The actual steps taken to resolve the issue aren’t particularly important to the story but suffice to say we checked all the usual suspects e.g. environments, user permissions, etc. and nothing was helping the situation. At this point we had modified the application a number of times to try to help pinpoint he issue and allow the production support team to replicate the issue. Each time we modified the application I would ask the junior teammate to trek to the main office in town (about a 30 minute walk away) and sit with the users affected whilst they went through the process of replicating the issue, whilst I stayed in the satellite office monitoring the logs and the server to see if anything unusual was appearing. Each time this cycle happened the users could successfully replicate the issue but we couldn’t. This cycle happened a few times until I decided that I wanted to see first hand what the issue was. So after three weeks of getting nowhere I braved the trip up to the main office to sit down with the users and see the problem first hand. As soon as I saw the user replicate the issue, I felt like giving myself the biggest face-palm of all time. To fully appreciate the situation you’ll need to understand that the application in question had a number of methods to allow the user to open a new screen:
- Use the File » Open menu
- Use a toolbar button
- Use a keyboard shortcut
Options 1&3 opened the screen directly, whereas option 2 called the same functions as 1&3 but within the toolbar click event handler.

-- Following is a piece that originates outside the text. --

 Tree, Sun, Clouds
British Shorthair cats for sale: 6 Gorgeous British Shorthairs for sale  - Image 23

When I sat down with the user and saw them click on the toolbar to open up the new screen, everything fell into place as to why no-one in production support could replicate the issue… everyone in production support always used the keyboard shortcuts. The keyboard was the quickest way of navigating the application so being the technically minded team we were, we all used the keyboard to navigate the application and never used the menu or the toolbar. This epiphany would never have come about without taking the time to sit down with the user to understand what they actually did and why they did things that way. Ultimately I was able to track the issue down to some re-entrant code trying to modify the toolbar state when it still dealing with the click event handler but the issue soon got fixed.

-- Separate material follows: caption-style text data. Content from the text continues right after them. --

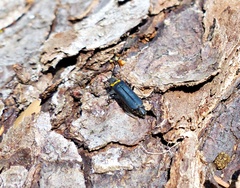 Chauliognathus magellanicus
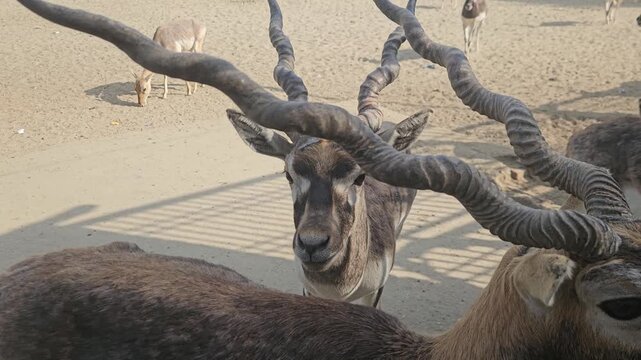 Deer Herd in Open Park at Mathura India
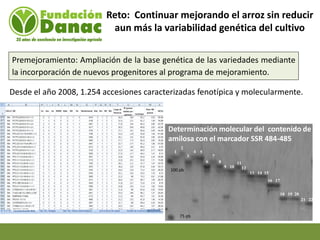 Mejoramiento genetico de arroz en Venezuela programa arroz de fundacion Danac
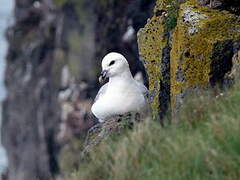 Northern Fulmar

As a bonus, the reason that the issue wasn’t occurring when the user had administrative privileges was due to the fact that when the user had more rights to the system different options were appearing within the toolbar for all the new functions that could be accessed by an admin. This then caused the particular screen button to be in a different position on the toolbar which broke the user’s ‘muscle-memory’ associated with opening the screen. The knock-on impact of the open button moving on the toolbar was that they had to fallback to using the slower ‘File » Open’ option which didn’t exhibit the crashing behavior and therefore allowed the screen to open correctly.
This support incident taught me two very valuable lessons:
- Always try to speak to the person actually using your software. You can only do so much through an intermediary such as a Business Analyst or a colleague. Face to face time in invaluable to help understanding the parameters of the problem you are trying to solve. In the example above, it should have happened sooner than it did but both myself and my colleague were busy juggling multiple issues at the same time which caused the delay.
- Never underestimate the behaviors of the user. This is to say that even the seemingly smallest change in surroundings e.g. additional buttons appearing within the toolbar caused the user’s behavior to change and therefore masked the issue at hand.
Don’t underestimate the value of sitting with actual users!